Unless you’ve been living under a rock, you know that the Republican tax plan is now in place. Experts believe that the new law will send home prices up as much as $20k thus, making renting more attractive. However, some other experts (who are these experts by the way?) believe that “favorable demographics” will keep the market healthy and that’s because Millennials are moving into the ‘settle-down’ phase of their lives… clearly buying a home is their next move.
If we compound increasing housing prices, with reports coming from the Fed minutes that spending will increase due to all the extra cash Americans will have because of lower taxes, interest rates will rise sooner than expected. Okay, great… so now we have increased housing prices and higher interest rates. What does that mean for us?! Please can one of these experts tell me what the mortgage industry is going to look like in 2018?! (I really wish I had access to the DeLorean!)

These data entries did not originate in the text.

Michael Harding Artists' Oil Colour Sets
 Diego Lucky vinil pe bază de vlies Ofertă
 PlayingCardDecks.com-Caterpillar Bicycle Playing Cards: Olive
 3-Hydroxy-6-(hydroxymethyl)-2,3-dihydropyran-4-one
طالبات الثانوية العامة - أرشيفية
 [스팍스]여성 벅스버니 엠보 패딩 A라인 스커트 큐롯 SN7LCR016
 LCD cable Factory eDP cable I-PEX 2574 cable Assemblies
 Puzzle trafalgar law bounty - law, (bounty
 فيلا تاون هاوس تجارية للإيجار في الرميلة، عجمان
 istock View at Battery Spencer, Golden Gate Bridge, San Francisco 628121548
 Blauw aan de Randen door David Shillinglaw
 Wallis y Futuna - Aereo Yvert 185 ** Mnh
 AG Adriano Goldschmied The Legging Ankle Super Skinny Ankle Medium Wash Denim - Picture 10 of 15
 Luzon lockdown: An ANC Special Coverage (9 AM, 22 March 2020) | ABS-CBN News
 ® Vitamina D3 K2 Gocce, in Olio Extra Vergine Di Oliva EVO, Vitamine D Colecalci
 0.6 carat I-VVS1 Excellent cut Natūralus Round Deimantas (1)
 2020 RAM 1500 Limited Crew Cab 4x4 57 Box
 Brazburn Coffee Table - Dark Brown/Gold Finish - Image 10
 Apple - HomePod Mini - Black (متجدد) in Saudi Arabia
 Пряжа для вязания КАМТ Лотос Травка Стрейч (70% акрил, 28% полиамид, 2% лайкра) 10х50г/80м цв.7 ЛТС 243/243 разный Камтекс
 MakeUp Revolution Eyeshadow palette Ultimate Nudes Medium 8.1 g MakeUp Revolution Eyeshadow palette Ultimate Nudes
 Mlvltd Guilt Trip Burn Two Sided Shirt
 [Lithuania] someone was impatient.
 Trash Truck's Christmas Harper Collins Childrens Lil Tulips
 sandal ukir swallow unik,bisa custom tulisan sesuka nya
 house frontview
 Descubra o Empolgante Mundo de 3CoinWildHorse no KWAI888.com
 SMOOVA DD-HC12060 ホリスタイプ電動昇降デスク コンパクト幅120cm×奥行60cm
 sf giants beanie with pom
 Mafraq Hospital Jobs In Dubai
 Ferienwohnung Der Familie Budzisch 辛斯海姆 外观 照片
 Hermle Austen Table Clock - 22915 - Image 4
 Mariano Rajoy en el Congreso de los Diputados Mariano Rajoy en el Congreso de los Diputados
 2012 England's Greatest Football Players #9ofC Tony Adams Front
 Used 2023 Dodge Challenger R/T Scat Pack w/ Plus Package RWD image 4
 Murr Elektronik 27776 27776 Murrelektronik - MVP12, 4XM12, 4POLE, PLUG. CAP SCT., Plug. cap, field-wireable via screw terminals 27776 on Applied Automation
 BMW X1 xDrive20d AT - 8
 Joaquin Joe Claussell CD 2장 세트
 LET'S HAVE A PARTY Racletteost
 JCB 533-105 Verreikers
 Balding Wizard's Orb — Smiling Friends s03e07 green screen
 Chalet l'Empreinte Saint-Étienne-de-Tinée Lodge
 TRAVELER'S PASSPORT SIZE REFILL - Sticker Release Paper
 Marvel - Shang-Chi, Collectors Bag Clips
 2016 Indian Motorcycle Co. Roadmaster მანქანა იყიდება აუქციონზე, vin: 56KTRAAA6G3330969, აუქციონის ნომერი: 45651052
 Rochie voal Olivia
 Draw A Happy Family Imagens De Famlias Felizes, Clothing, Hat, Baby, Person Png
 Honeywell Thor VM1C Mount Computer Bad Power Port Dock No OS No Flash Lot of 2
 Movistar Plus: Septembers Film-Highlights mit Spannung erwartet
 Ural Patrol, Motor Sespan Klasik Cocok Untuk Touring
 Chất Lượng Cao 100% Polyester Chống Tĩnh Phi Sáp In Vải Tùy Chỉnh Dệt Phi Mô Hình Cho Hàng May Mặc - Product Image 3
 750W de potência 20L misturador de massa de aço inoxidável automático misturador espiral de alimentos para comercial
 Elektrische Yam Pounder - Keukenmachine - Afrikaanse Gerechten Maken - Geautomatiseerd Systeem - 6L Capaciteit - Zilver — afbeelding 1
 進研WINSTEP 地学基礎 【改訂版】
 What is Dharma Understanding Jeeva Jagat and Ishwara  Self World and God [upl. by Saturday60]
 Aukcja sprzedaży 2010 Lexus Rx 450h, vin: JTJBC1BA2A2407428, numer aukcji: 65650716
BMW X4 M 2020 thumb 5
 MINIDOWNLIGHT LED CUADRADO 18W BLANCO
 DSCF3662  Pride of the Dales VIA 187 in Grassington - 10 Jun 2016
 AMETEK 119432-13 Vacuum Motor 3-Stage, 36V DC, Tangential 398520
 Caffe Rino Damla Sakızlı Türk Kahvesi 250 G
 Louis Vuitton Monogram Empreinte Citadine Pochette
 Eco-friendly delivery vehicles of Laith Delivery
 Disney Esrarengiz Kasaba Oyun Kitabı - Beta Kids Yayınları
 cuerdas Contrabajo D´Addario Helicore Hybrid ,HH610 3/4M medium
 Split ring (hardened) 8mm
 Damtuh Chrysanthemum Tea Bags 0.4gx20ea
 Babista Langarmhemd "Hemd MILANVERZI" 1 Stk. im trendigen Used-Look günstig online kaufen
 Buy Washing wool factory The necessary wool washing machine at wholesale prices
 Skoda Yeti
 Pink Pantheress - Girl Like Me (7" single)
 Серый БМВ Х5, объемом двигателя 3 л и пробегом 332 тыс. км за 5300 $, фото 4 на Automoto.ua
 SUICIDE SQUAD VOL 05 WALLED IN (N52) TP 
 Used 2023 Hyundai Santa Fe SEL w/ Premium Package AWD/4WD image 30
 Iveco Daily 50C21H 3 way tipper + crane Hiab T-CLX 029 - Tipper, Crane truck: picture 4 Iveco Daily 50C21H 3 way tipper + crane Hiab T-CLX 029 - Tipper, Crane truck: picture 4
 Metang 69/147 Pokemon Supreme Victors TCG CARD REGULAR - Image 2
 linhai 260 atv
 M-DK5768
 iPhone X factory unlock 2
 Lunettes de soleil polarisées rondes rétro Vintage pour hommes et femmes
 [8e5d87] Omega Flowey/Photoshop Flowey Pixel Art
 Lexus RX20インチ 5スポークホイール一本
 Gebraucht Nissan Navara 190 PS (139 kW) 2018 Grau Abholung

The Wall Street Journal published a great article earlier this week that brought me some comfort around all this madness that is going on and how the bond market will be affected by inflation. The article essentially leaves us with questions, but does elude to the fact that an increase in rates doesn’t mean that there will necessarily be an increase in long-term interest rates… well at least significant one.
The truth is nobody really knows what is going to happen… for example the jobs report came out and while jobs increased they were way off the mark from where the experts (again with this expert thing) were predicting. Their predictions were to see an increase somewhere between 190K - 210K, but the latest report form the U.S. Bureau of Labor Stats showed an increase by 148K.
The way I see it is we’re just going to have to bob and weave with the punches. We’ll have to stay flexible and make sure that our business models are set up to pivot. I mean higher home values, higher wages, more cash on hand… what’s an extra half of a percent on a 30-year fixed (insert nervous emoji face)?
The opinions expressed in this post are the sole view of the writer and do not reflect the opinion of Princeton Mortgage Corporation.